━━━ Input data
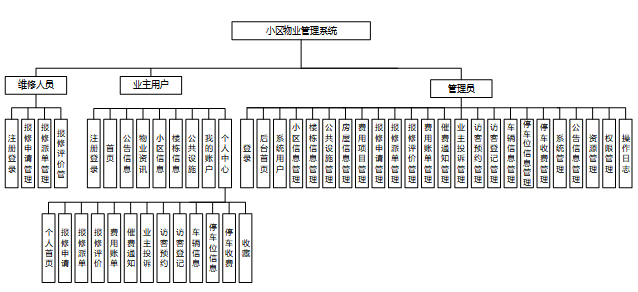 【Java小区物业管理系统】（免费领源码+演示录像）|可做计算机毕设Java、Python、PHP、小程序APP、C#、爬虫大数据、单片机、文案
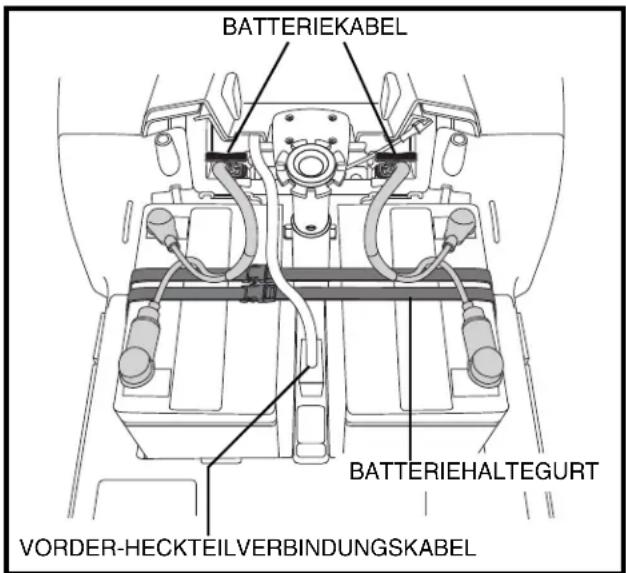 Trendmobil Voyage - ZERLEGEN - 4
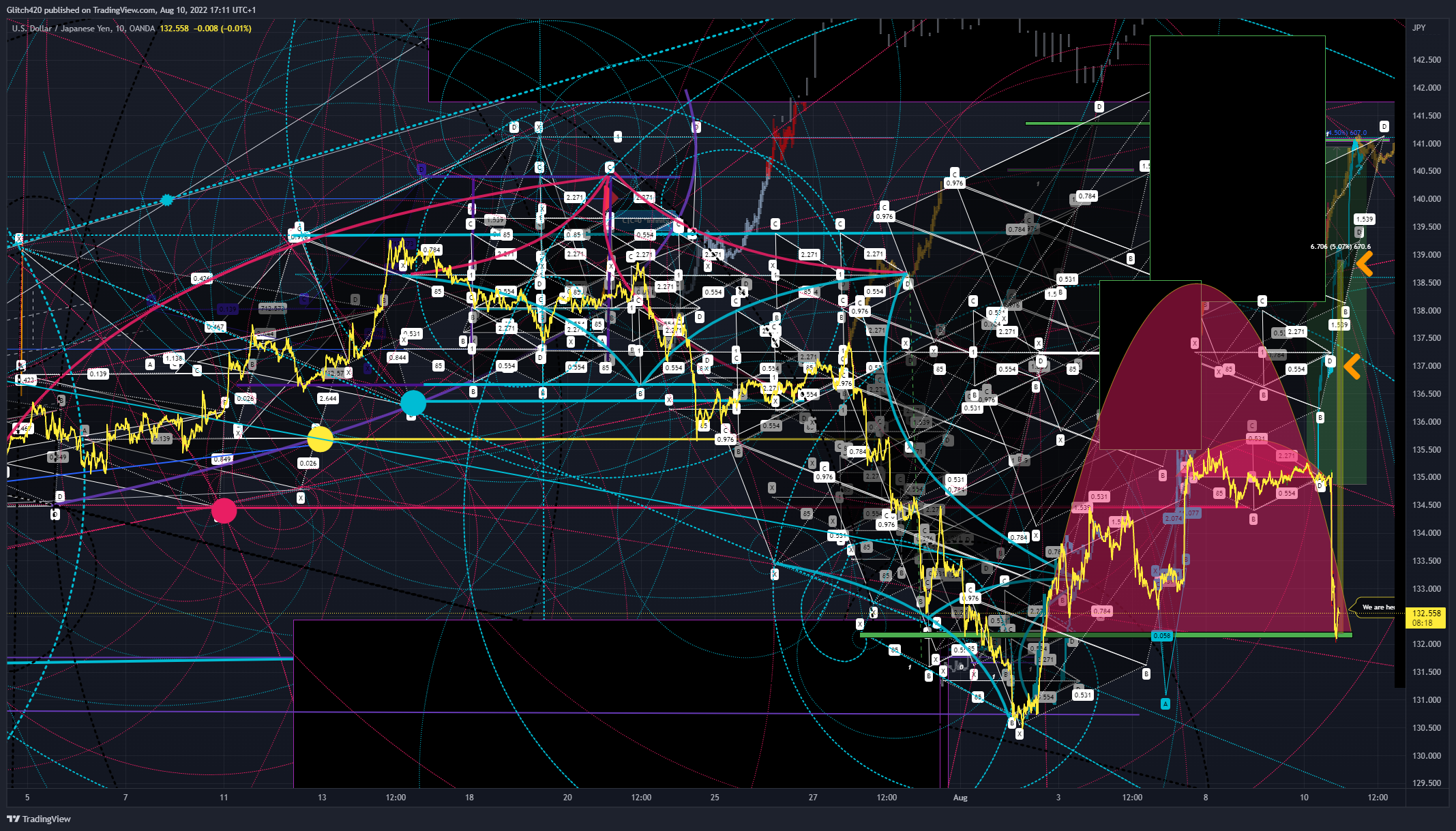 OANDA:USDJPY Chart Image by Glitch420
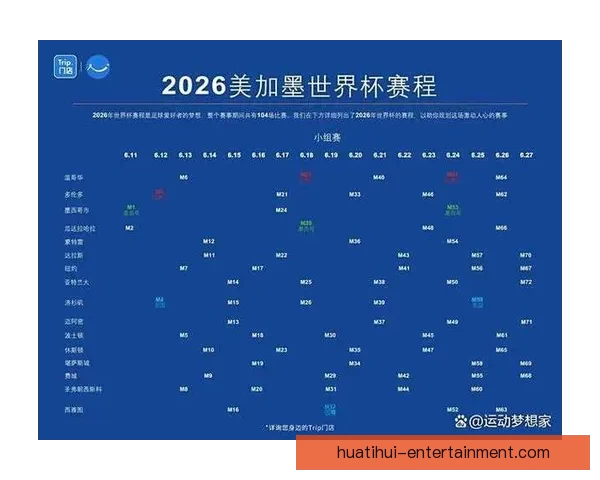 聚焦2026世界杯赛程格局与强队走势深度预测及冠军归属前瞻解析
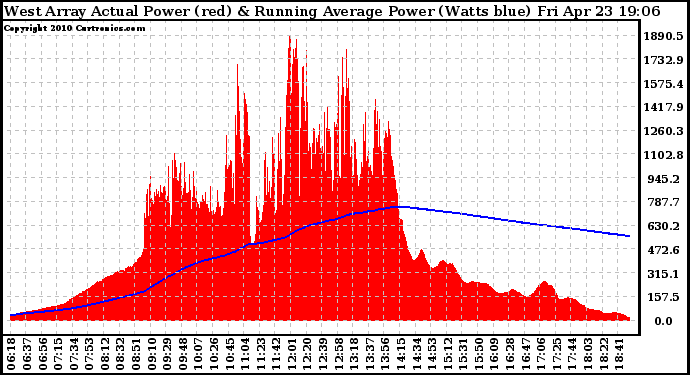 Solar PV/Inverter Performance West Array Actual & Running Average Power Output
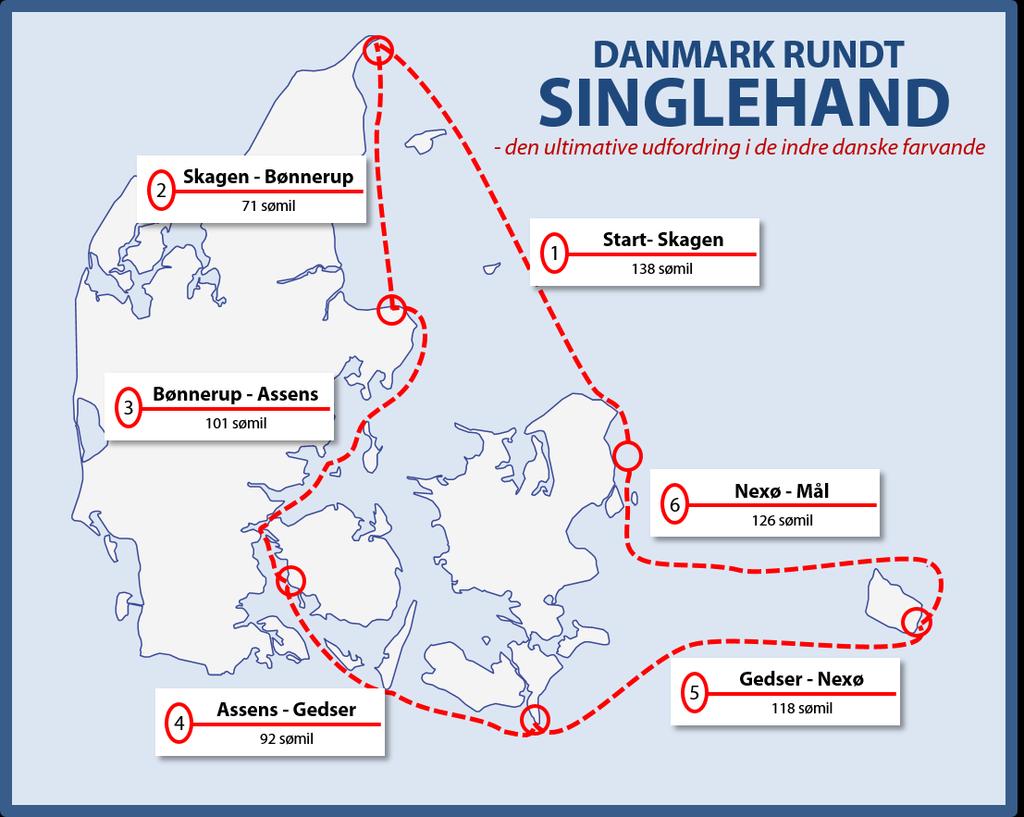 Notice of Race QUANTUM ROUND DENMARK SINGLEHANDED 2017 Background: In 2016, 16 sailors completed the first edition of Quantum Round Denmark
━━━━━━
━━━ Input data
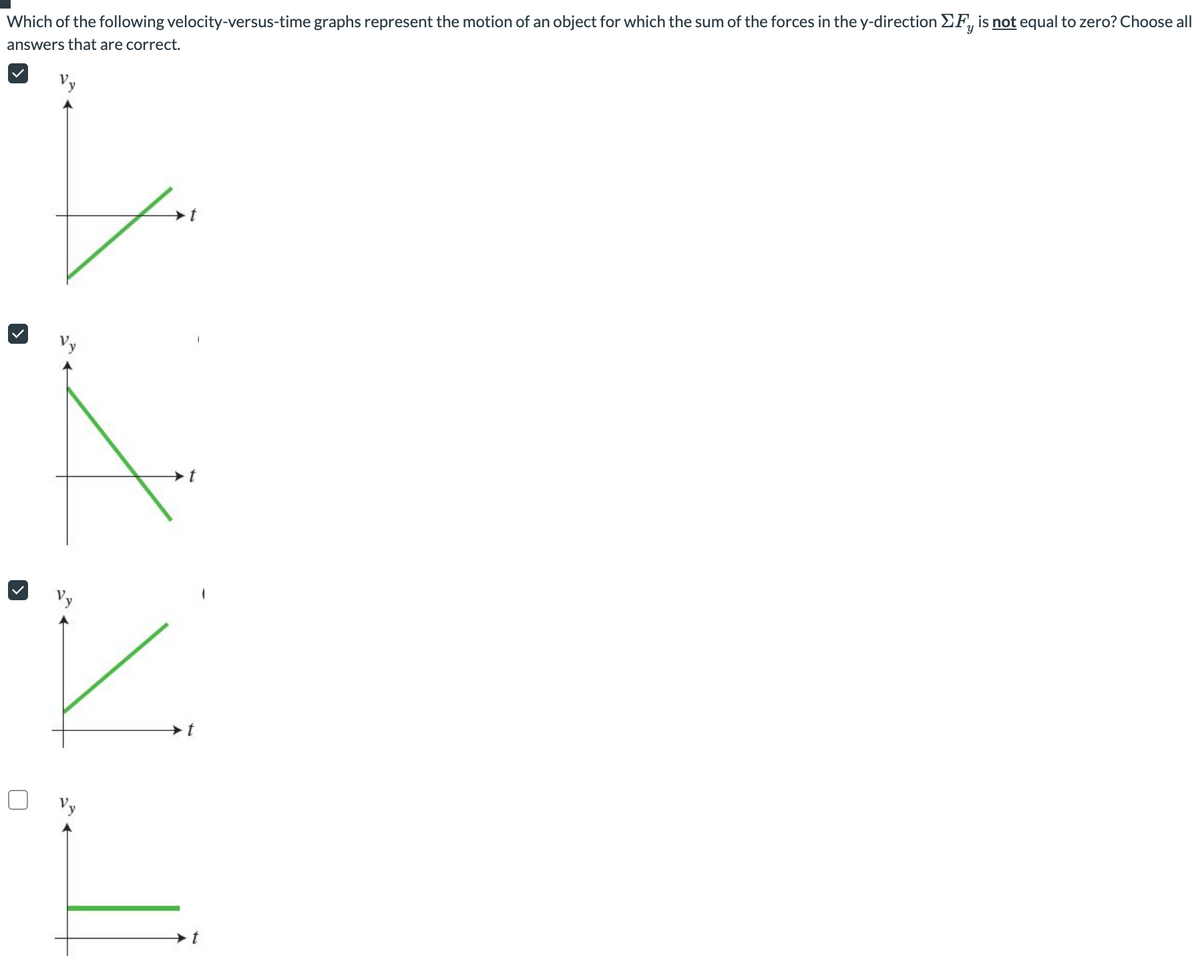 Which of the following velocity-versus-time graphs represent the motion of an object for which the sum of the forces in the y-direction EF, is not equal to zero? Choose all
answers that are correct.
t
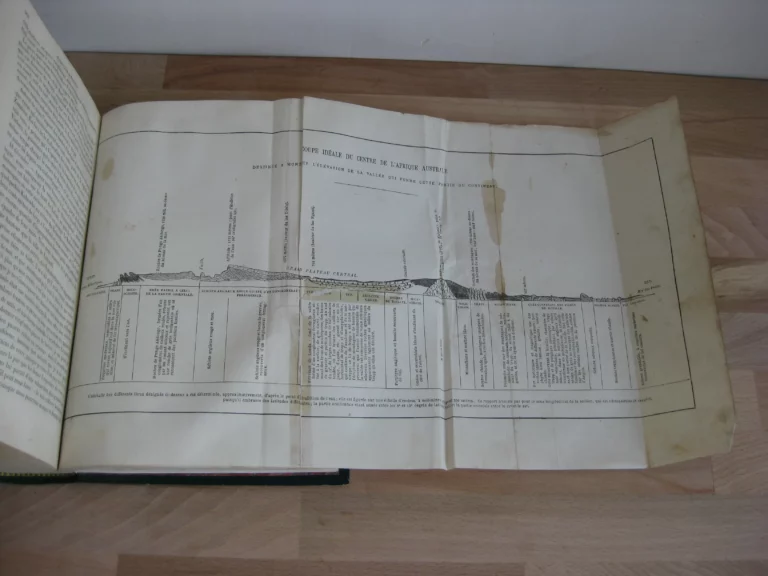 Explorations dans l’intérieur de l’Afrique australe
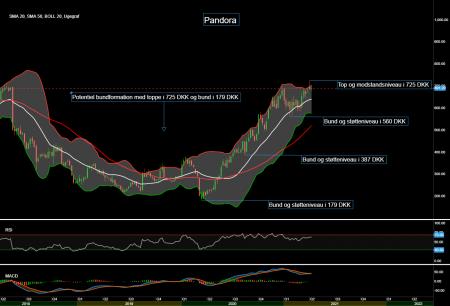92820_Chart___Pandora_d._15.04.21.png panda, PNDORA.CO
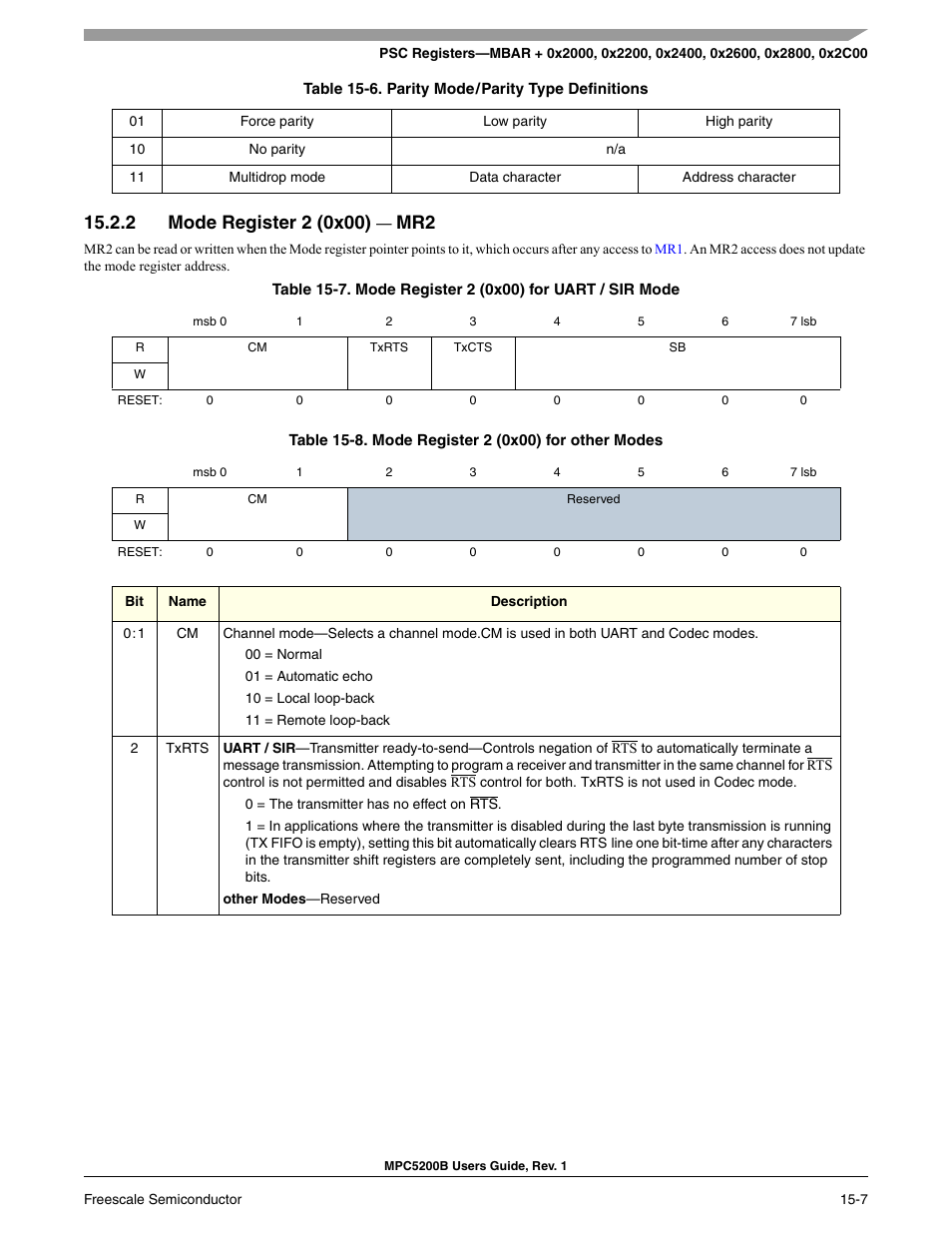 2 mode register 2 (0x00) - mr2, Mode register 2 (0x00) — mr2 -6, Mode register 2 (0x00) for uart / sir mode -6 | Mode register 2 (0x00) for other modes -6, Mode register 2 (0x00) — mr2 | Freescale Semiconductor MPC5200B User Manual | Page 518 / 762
━━━━━━
Exercise aim - Once the line with "OANDA:USDJPY Chart Image by Glitch420" has been found above, output that line and every later line exactly, stopping after the line with "Notice of Race", and omit the pictures.

Worked solution -
 OANDA:USDJPY Chart Image by Glitch420
 聚焦2026世界杯赛程格局与强队走势深度预测及冠军归属前瞻解析
 Solar PV/Inverter Performance West Array Actual & Running Average Power Output
 Notice of Race QUANTUM ROUND DENMARK SINGLEHANDED 2017 Background: In 2016, 16 sailors completed the first edition of Quantum Round Denmark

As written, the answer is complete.